I am saddened, lonely, and feel like there was nothing I could do. To which, I accept and understand that she is no longer in pain. I miss her dearly, but I also feel happy that she lived a fast ride until the end. I did not watch her deteriorate and fall apart over time. I am so happy to have had you, thank you for being by my side, being loyal and always under my foot. I am sorry, I didn't find out sooner. 

You slipped from my hands under the best care possible. I was by your side just like you did for me for so many years. I was the last thing you saw before passing on, feeling at ease I hope for something out of my control. 

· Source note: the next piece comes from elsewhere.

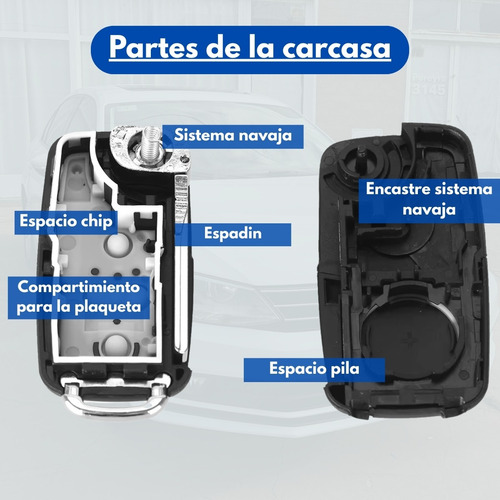 Carcasa Llave Navaja Vw Amarok Polo Golf Suran Fox 2 Botones
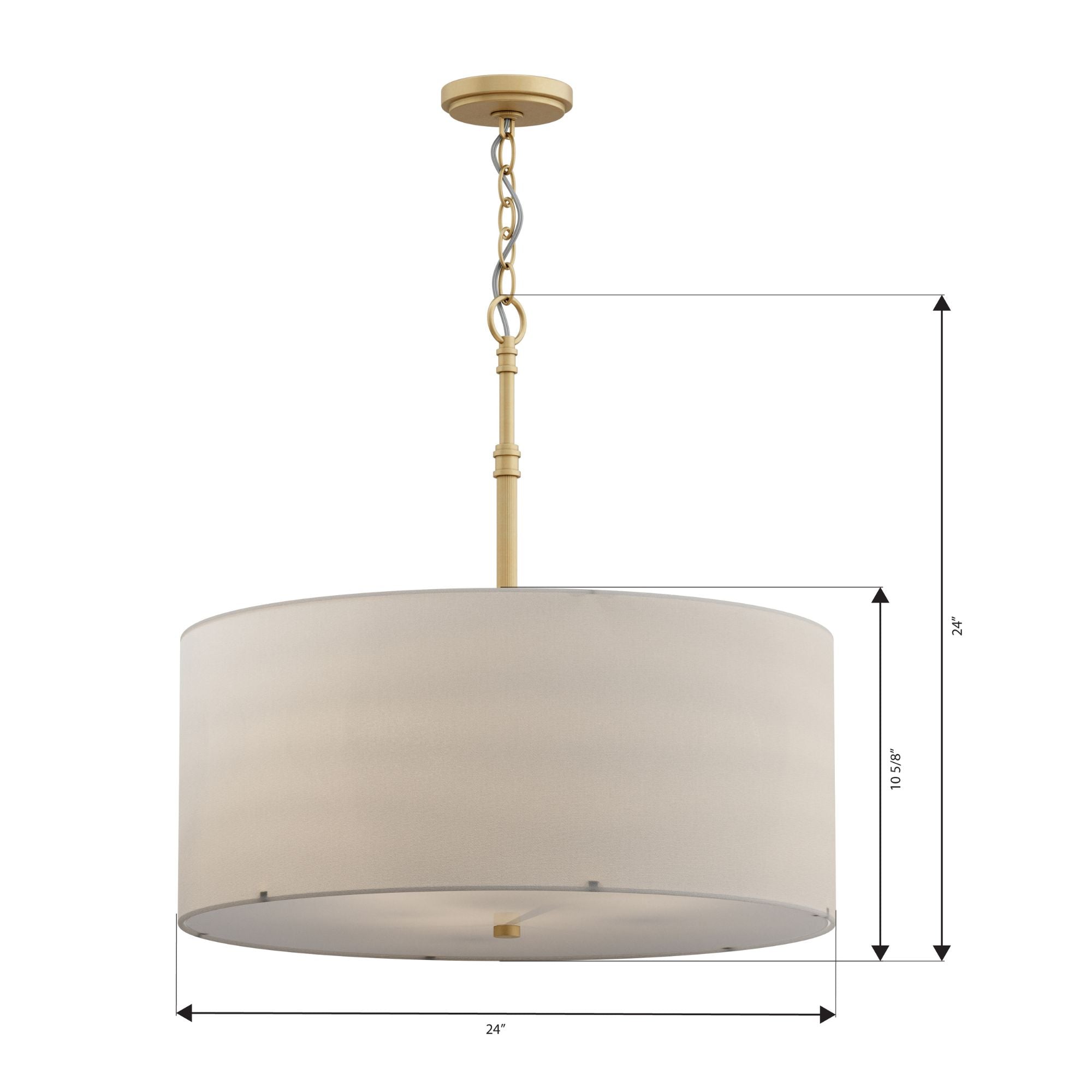 Minka-Lavery Molvene 24 in. 3-Light Pendant, Legacy Brass with White Linen Drum Shade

In the days that passed, we have cried, laughed and shared stories. People have called, stopped by and have expressed their love and missing you as well. 

I love you and miss you G'mork.


----------



## mike4625 (Apr 25, 2018)

Sorry for your loss, she was a beautiful dog


----------



## sebrench (Dec 2, 2014)

She was gorgeous. I'm so sorry for your unexpected loss. It is always heartbreaking.


----------



## Chuck94! (Feb 8, 2018)

Such a sweet girl. Thank you for the tribute. These always make me cry. RIP Nikki


----------



## Aly (May 26, 2011)

Beautiful girl; sounds like she had a wonderful life with you. Hold onto those memories. My condolences.


----------



## tim_s_adams (Aug 9, 2017)

Wonderful tribute to a beautiful dog! Heartfelt condolences, losing them quickly is both a shock and a sort of blessing. RIP Nikki!


----------



## ksotto333 (Aug 3, 2011)

I'm so sorry, such an important part of our lives. What an amazingly beautiful girl. Peace be with you.


----------



## readaboutdogs (Jul 8, 2001)

Very nice tribute to your pretty girl. Rest in peace Nikki, peace to you.


----------